If you are an American with a young daughter, she will grow up in a world without the right to choose when and where she gives birth, and in which nothing restrains a state from declaring her womb its property, with all the invasive authorities that implies.
That is the significance of the draft Supreme Court opinion leaked to Politico, which shows that the right-wing majority on the Court intends to discard Roe v. Wade and Planned Parenthood v. Casey, landmark precedents guaranteeing the constitutional right to abortion. . . . The draft likely reflects the direction of the final decision, even if the scope of that decision changes.
The draft, written by Justice Samuel Alito, is sweeping and radical. There is no need to dwell too long on its legal logic; there are no magic words that the authors of prior opinions might have used in their own decisions that could have preserved the right to an abortion in the face of a decisive right-wing majority on the Court. The opinion itself reads like a fancy press release from a particularly loyal member of the GOP Senate caucus. Alito’s writing reflects the current tone of right-wing discourse: grandiose and contemptuous, disingenuous and self-contradictory, with the necessary undertone of self-pity as justification.
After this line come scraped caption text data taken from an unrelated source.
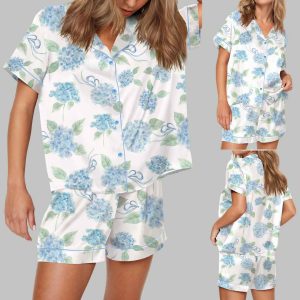 Hydrangeas Pattern Bridesmaids Silky Satin Pajama Set 2
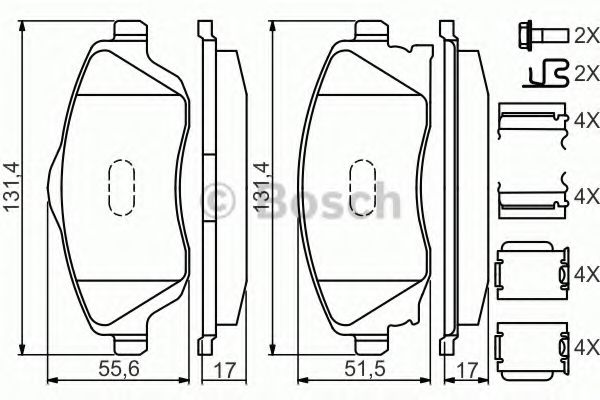 Гальмівні колодки, дискові BLUEPRINT арт. 0986494625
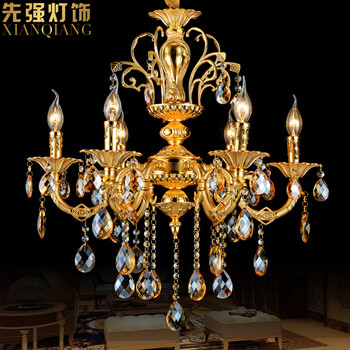 蒙特丽 客厅灯别墅灯卧室灯酒店灯欧式锌合金水晶吊灯D003全面电镀金黄色工程灯具（B） -6头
Alito claims to be sweeping away one of the great unjust Supreme Court precedents, such as Dred Scott v. Sanford, which held that Black people had no rights white men were bound to respect, or Plessy v. Ferguson, which upheld racial segregation. But in truth, Alito is employing the logic of Plessy, allowing the states to violate the individual rights of their residents in any way their legislatures deem “reasonable,” as the opinion in Plessy put it.
In Plessy, Justice Henry Billings Brown held that Louisiana’s segregation law, as far as the Fourteenth Amendment was concerned, “reduces itself to the question whether the statute of Louisiana is a reasonable regulation, and, with respect to this, there must necessarily be a large discretion on the part of the legislature.” Alito has now applied this same logic to abortion—but not just abortion—arguing that in the future, courts should defer to state legislatures “even when the laws at issue concern matters of great social significance and moral substance.”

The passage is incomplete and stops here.